Personally, I’d be scared of kicking the books, and of going arse over tit down such a steep staircase (it’s almost more ladder than stairs). Being left-handed and left-footed, I’d be likely to put the wrong foot on the wrong tread at the wrong time, and I hate to think what would happen next.

I’ve always had a bit of a thing for libraries that have an upper gallery, such as those you find in castles and stately homes. There’s something about having to go up a ladder, preferably a wrought iron one, to a little balcony in order to fetch down a book that appeals to the hopeless romantic in me. In such a library, the urge to cover remaining wall space in Jacquard tapestries and to have a carved limestone fireplace big enough to talk into would be almost too much to resist.

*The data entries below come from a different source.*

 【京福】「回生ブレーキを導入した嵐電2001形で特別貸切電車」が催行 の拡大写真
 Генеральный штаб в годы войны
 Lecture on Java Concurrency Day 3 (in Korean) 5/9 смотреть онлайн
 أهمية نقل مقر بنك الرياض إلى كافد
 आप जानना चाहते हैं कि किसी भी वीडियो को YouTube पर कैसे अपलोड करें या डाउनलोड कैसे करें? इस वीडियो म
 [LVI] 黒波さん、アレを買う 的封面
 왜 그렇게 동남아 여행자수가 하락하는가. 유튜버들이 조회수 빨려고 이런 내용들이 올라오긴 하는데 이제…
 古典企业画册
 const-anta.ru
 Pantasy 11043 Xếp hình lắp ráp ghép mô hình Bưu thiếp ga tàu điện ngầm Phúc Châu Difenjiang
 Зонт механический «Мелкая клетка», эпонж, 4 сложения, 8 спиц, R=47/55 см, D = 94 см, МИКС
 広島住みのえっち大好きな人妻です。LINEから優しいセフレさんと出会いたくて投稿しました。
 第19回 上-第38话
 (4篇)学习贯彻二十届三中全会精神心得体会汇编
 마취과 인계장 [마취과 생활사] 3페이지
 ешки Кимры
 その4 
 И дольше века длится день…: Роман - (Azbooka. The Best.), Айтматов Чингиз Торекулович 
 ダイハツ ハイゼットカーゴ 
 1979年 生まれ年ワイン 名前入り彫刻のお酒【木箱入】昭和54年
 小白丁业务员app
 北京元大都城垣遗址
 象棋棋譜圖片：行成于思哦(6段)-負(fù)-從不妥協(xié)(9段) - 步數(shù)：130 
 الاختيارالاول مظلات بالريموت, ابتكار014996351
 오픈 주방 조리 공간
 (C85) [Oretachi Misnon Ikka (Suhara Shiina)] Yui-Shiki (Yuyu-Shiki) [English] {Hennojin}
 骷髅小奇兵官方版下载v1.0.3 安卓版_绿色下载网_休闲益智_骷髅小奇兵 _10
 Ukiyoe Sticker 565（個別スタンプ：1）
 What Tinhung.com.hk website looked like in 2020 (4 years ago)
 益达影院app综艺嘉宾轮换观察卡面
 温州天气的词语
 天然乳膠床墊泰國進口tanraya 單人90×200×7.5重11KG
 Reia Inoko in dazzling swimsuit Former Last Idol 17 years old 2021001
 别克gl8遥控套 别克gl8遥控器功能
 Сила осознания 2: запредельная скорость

This gorgeous two-storey library just makes me drool uncontrollably. Kevin too.

Two storey library

Thank you, Champagne Chic

Can you imagine having such an amazingly beautiful library in your house? More to the point, can you imaging having the budget to have such an amazingly beautiful library in your house? Wow. I struggle a bit, but it gives me something to aspire to.

* This is so weird. Wherever possible I use Creative Commons licensed photographs from Flickr on my blogs, and I reckon that about 50% of the time, the images I use turn out to be from people I know. In this case, not only do I know (vaguely) Stewart Butterfield, he also happens to be one of the people who started Flickr. But the fact that his photo was the first one to shop up on a CC search on ‘home library’ is entirely co-incidental. Obviously I just know a lot of good photographers who use Flickr and CC licences!